In what might be seen as a perverse reaction on this side of the Tasman, that was possibly one driver that saw the Government narrow the gap with the Opposition.
Morrison also took the chance to reopen a detention centre on Christmas Island - likely to be one of the items on the agenda for discussion between the two leaders on Friday.
While the visit has been pared back to the official basics, it's hoped a stately appearance alongside Ardern will also play well with domestic audiences across the ditch.
Ardern was particularly forceful in expressing New Zealand's view over Australia's policy of detainment and deportation, particularly of dual New Zealand nationals who had never set foot in this country.
It was unlikely to result in any change however, but both leaders could potentially walk away from an exchange with positive reviews on the issue.

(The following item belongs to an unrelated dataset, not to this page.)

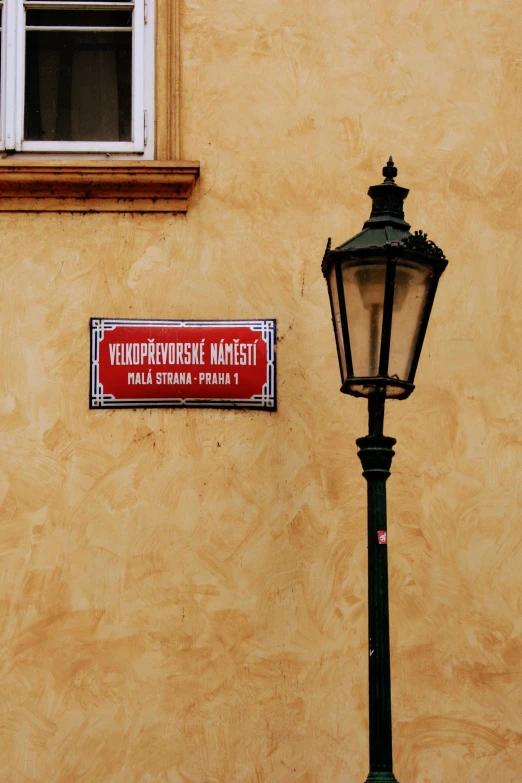 a streetlight and a sign on the side of a building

National security matters were also likely to be a top priority between the two; both leaders of Five Eyes countries are under various pressures as a result of recent decisions to ban Chinese telco Huawei from being a part of developing 5G networks.
It's one driver for the mounting speculation of potential economic backlash, that has gripped New Zealand trade circles. While there is no evidence of that in this country, Australians woke to the news this morning that its coal experts into a major Chinese port have been banned by Chinese port authorities.
And both countries were heavily invested in developing an increased focus in the Pacific, at least in part, as a counter to an expanding Chinese presence there.
New Zealand had its Pacific Reset, while Australia branded its policy the Pacific Pivot, however, both called for a collaborative effort to strengthen diplomatic ties through significant increases to aid, infrastructure and other development ventures.
During his day-long visit, Morrison also met with Opposition leader Simon Bridges, and laid a wreath at the Auckland War Memorial before taking part in a business roundtable discussion at Sky City.
"ALL ABOUT RESPECT"
Morrison said this morning's Powhiri at Government House was "very moving".
He told Bridges, when he met him Friday afternoon, that it had been a while since he had faced a powhiri – a reference to his time living in Wellington between 1998 and 2000 when he was director of the Office of Tourism and Sport.
Bridges suggested any powhiri was quite fierce.
"It is," said Morrison.
"But it is all about respect. That's one of things I picked up when I lived here all those years ago. It's the heart of the (Maori) culture."
Morrison said that the word he loved, more than any other Maori word was "mana."
"There is no equivalent for it in English."
Mana refers to an individual having prestige, authority and power.
Bridges told Morrison it was great to have him back.
"And we don't hold it against you that you worked for Murray McCully," he said.
Morrison repeated his comments from his press conference with Prime Minister Jacinda Ardern and said there was no closer relationship than the one between Australia and New Zealand.
"It goes beyond politics, beyond sport; it goes beyond everything," he said.